LAWS(BOM)-1948-4-9

MANGIBAI GULABCHAND Vs. SUGANCHAND BHIKAMCHAND

Decided On April 08, 1948
MANGIBAI GULABCHAND Appellant
V/S
SUGANCHAND BHIKAMCHAND Respondents

JUDGEMENT

(1.) THIS is an appeal from a judgment of the High Court at Bombay reversing a judgment of the First Class Subordinate Judge, Thana. The suit is for a declaration that the plaintiff (now respondent No. ]) is entitled as an adopted son to a half share and partition of certain joint family property in the Thana district, Bombay. The only question now in issue is whether the adoption of respondent No.1 by respondent No.2, the widow of one Bhikamchand, a member of the joint family, is valid. The Subordinate Judge held it invalid because it was made without the consent either of the adopter's deceased husband or of the nearest male member of his family, his brother Gulabchand, whose heirs are the present appellants. The High Court held that the adoption was valid notwithstanding the absence of these consents.

(2.) THE joint family are Marwari Jains of the Visa-Oswal community. THE family migrated some generations ago from Jodhpur State to the Thana district. THE two brothers, Gulabhchand and Bhikamchand, lived together till Bhikamchand died in April, 1926. In 1927 his widow Jadavbai wanted to adopt a son (not respondent No.1) but Gulabchand objected and she then abandoned the idea. On April 80, 1936, however, she sent a formal notice announcing her intention to make an adoption to Gulabchand, who replied that she had no right to make an adoption and that he was strongly opposed to it. Nevertheless she adopted respondent No.1 on May 8, 1936; a deed of adoption was executed on the same day and registered on June 2, 1936. THE appellants refused to admit the validity of the adoption and to give respondent No.1 a share of the family property. Accordingly on September 3, 1936, respondent No.1, through his natural father as guardian and next friend, instituted the suit.

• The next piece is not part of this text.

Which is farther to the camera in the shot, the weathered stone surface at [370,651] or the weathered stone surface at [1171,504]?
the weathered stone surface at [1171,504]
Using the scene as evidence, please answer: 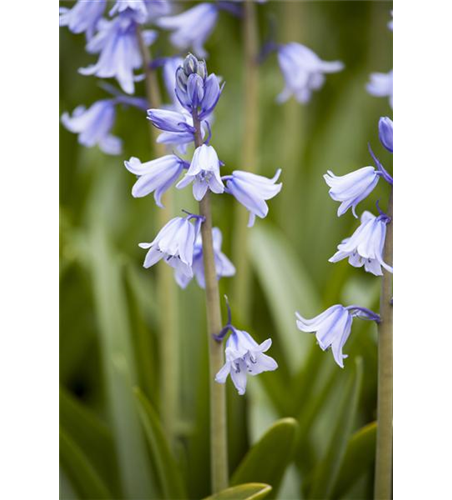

(3.) COUNSEL for the appellants submitted that it would now be proper that they should have an opportunity of adducing further evidence to discharge the onus thus laid upon them. The argument was that the appellants might not have offered all the evidence available to them because they were entitled to assume that the onus lay on respondent No. I and to regard the evidence of his natural father, referred to above, as fatal to this case. Their Lordships are unable to assent to the appellants' submission. The appellants were in no way misled into withholding evidence ; they were not entitled to assume, when they were leading their evidence, that the onus would ultimately be found to rest on their opponent, and it was for them to adduce all the evidence that they deemed helpful for their case. They therefore cannot be allowed the indulgence of a second opportunity.